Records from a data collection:
····················

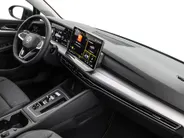Volkswagen Golf Life Edition 1.5 eHybrid 204 PK 7 versn. DSG · Draadloze telefoonlader · Achteruitrijcamera · Privatelease Van 594,- voor  472,- obv 24 maanden! · Prijs is inclusief inruilpremie · MEGA SALE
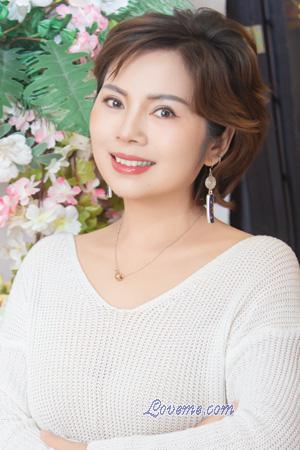 225720 - Meihua Leeftijd: 47 - Malaysia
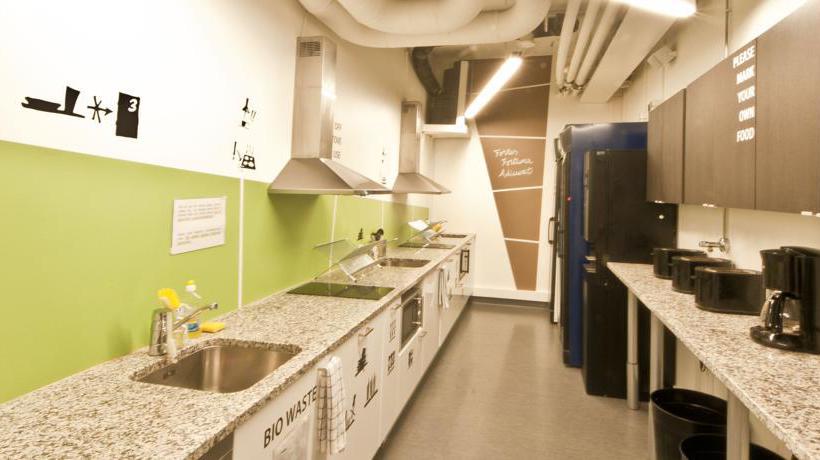 הוסטל Vuokrahuone Design Accommodation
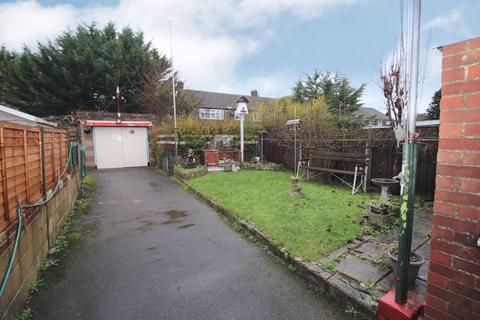 1 Beech Road, Hedge End, Southampton, SO30 4FY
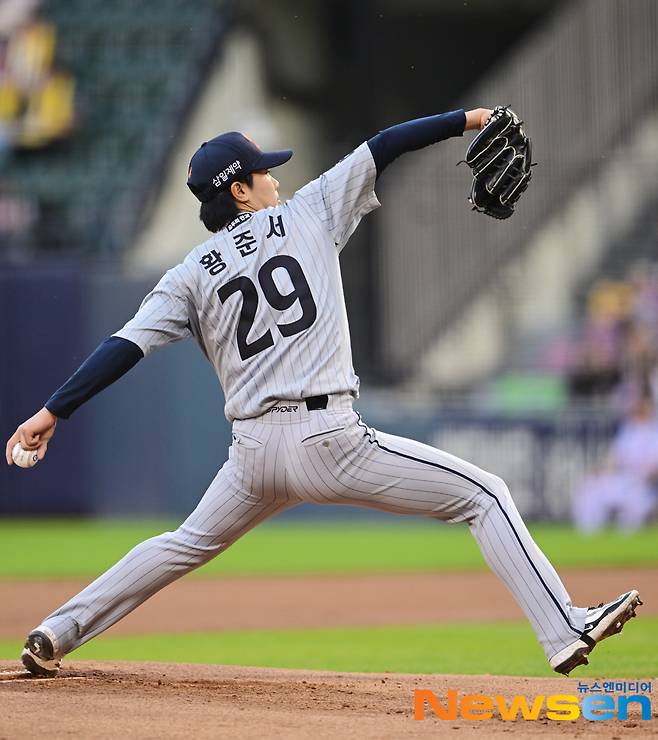 수비 실책에 흔들렸지만..황준서, LG전 2.2이닝 1자책 2실점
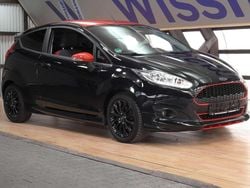 Schwarz/rot Gebraucht 2016 Ford Fiesta ST-Line Limousine | 7.275 € (Guter Preis)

····················

--- What is required ---
What you set down should be exactly the lines from the line containing "1 Beech Road, Hedge" to the last line of the entries above, both included, with no pictures.

--- Written answer ---
 1 Beech Road, Hedge End, Southampton, SO30 4FY
 수비 실책에 흔들렸지만..황준서, LG전 2.2이닝 1자책 2실점
 Schwarz/rot Gebraucht 2016 Ford Fiesta ST-Line Limousine | 7.275 € (Guter Preis)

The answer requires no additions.